Another facet of immigration policy is shaping future voting patters.  When the government allows impoverished, illiterate, unskilled and low-skilled citizens of other countries to ‘live in the shadows,’ this discourages assimilation.  It encourages Balkanization and leaves these US ‘persons’ open to various victim advocacy groups, such as La Raza and even to gangs and triads.  If these US ‘persons’ become US ‘citizens’ without assimilating, then they will continue to vote for the same big-government policies they voted for in their countries of origin.

My grandfather and grandmother immigrated legally from Cuba and Italy, respectively.  He came through Ellis Island in 1929, alone; she, around the time of World War I and with her parents and siblings.  When Castro came to power in Cuba in the 1950s, they began to bring his cousins and other relations to this country, legally.  My grandparents sponsored many themselves and found sponsors for others.  Those my grandparents brought here all learned English, got jobs, served in the US armed forces, build and sold businesses, did not take a dime of welfare and became part of the great American melting pot.  They assimilated.  They helped make this country great.  By the time they became citizens, they loved this country and voted as such.
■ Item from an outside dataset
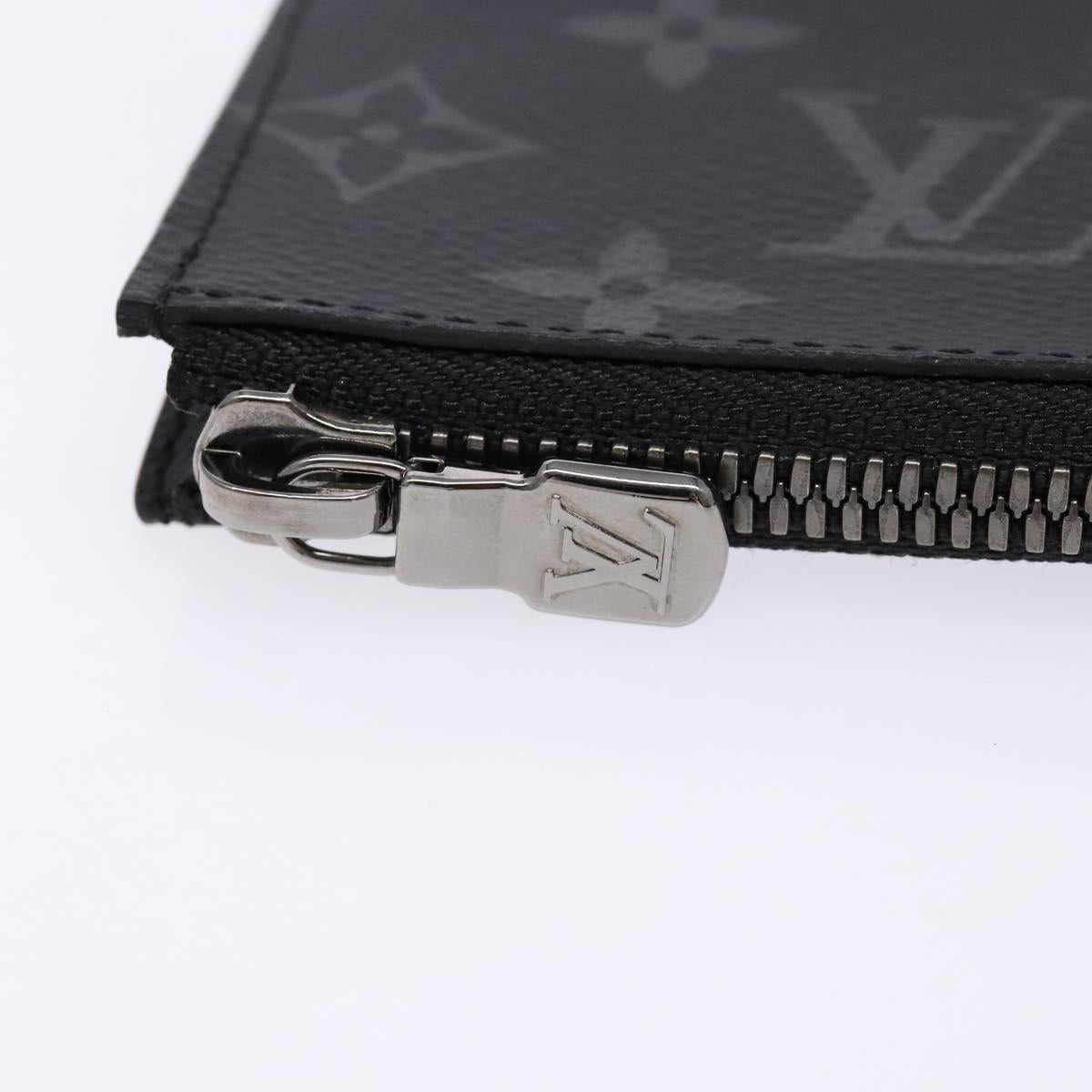 LOUIS VUITTON Monogram Eclipse Porte monnaie Jour Coin Purse M63536 Auth 139056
Other immigrants who come from developing nations without the skills necessary to succeed in the US job market will become wards of the welfare state.  And they will vote for more and high taxes, more and bigger government, just as they did in their countries of origin.  With the flood of teens and single mothers with toddlers across our southern border this summer, and the speeches given by establishment politicians of both major parties calling DREAMers the future and saying that illegal immigration is an act of love, we face the Reinvention of our country.  Do we want more wards of the welfare state, higher taxes, bigger government, less opportunity and liberty for individuals?

If we want to continue to be a nation of pay checks, and not become a nation of food stamps, we must embrace the values of the Founders.  We must embrace  the values that made our nation great, eradicated diseases (polio, typhoid, cholera, etc), won two World Wars, put men on the Moon and liberated Middle Eastern countries.  It was not collectivist reliance on big government programs that made us great. Rugged individualism, self-reliance and acknowledgement of the Creator Who endows us all with our unalienable rights, these values made America great.

Those of you who have read me for a while will know that I tend to favor the Judeo-Christian  view of the Creator.  Among the Founders were Christians and Jews but also Deists and Theists who believed in Divine Providence.  As pluralistic, democratic society we have to acknowledge and tolerate beliefs that differ from ours.  I think Benjamin Franklin had a good idea when he described the American religion something like this:  There is a Creator Who gave us our rights and our abilities, and one day we will all stand before Him as the Supreme Judge of the world.  On that day, we must each give account for what we did with those rights and how we used those abilities.  So, until we stand before Him as Judge, we should serve Him as Creator.  But how shall do anything for He Who sits Enthroned in the Heavens?  We can serve each other, that’s how.  We can voluntarily choose to do right by each other.  We can voluntarily choose respect each other’s rights and property and opinions.  We can voluntarily choose to use the abilities our Creator gave us to make the world a better place, to create wealth, to share charity.  I think that a lot more than just Jews, Protestants and Catholics fall under that Franklin’s description.  I think probably Buddhists, Bahi, Unitarians, and many others — even some Muslims — fall under it as well.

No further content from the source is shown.